Opinion
No. 14,559.
Decided October 23, 1939. Rehearing denied November 20, 1939.
On petition for writ of prohibition. Writ granted.
1. MARRIAGE AND DIVORCE — Disregarding Decrees — Resultant Effect. Where parties are divorced, but disregarding the decree continue their former marriage relations, such decree being subsequently vacated, writ of prohibition is granted by the Supreme Court against the prosecution of another divorce action by the wife, it being held, in view of the surrounding circumstances, that both parties had forfeited the right to invoke judicial decrees in the matter of their alleged domestic difficulties.
Original Proceeding.
Mr. SYDNEY E. SHUTERAN, Mr. WM. HEDGES ROBINSON, JR., for petitioner.
Mr. HAROLD G. KING, for respondents.
AN original proceeding in prohibition. The parties in interest are those named in No. 14558, decided this day ( 105 Colo. 171, 96 P.2d 13). As recited there, the Jordans were married March 22, 1922. November 2, 1935, pursuant to suit to that end, they were divorced. October 31, 1938, the wife alleging that shortly after the entry of the preliminary decree the parties had become reconciled, and since then, and notwithstanding the preliminary decree and subsequent final decree of divorce, all as stated in our opinion in No. 14558, were living "together publicly as husband and wife," and prayed that the decrees be vacated. January 25, 1939, after trial had on her petition, the district court adjudged that the decrees to which we have referred should be vacated. That judgment is affirmed by our opinion in No. 14558.

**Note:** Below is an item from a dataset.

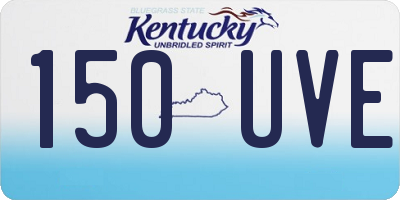 KY license plate 150UVE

It appears here that February 17, 1939, or within less than a month after having convinced the Denver district court that she and her husband were reconciled and living together up to the time she filed petition to have it so adjudged — October 31, 1938 — the wife filed complaint for divorce in the same court (before a different judge), alleging marriage as of March 22, 1922, and that "since February 1, 1938, said defendant has lived openly and notoriously and cohabited with" an unnamed woman. To this suit, proceeding on the theory that the parties already were divorced, and that he had taken steps to have the judgment of the court vacating the divorce decrees reviewed, the husband filed a plea in abatement. On denial of that plea, he sought prohibition here. We granted a rule to show cause. Respondents Judge and the wife answered, the Judge setting forth the record of the matter as submitted to him, and the wife in challenge of our jurisdiction.
For the purpose of disposition here, we proceed upon the facts appearing in the two records. In 14558, mildly emphasizing the manner in which the parties had invoked judicial writs in relation to their marital difficulties, and having obtained entry of solemn judgments, which they immediately flouted, we concluded with the trial court that since the parties ignored the decrees, reason for their continuance in force had failed. Now, here, the wife, although alleging in her petition that the parties had deported themselves as indicated, and that they were living together as husband and wife as late as October 31, 1938, charges in a new suit for divorce that since February 1, 1938, the husband has been living in adultery with another woman. We cannot reconcile the wife's inconsistencies here any more than the husband's in the other case. Both are quick to invoke judicial process, and neither is slow to disregard solemn judgments entered upon their prayers. As in the review in the other case, we approved the district court's decree which left the husband married, so here, on original inquiry, we think the wife should be relegated to the status she insisted upon "only yesterday." In short, for immediate purposes both parties have forfeited the right to invoke judicial writs in the matter of their alleged domestic difficulties.
The whole situation considered, we are disposed to the view that there should have been abatement of the wife's new suit for divorce. Let the writ issue as prayed.
MR. JUSTICE BAKKE and MR. JUSTICE BURKE concur.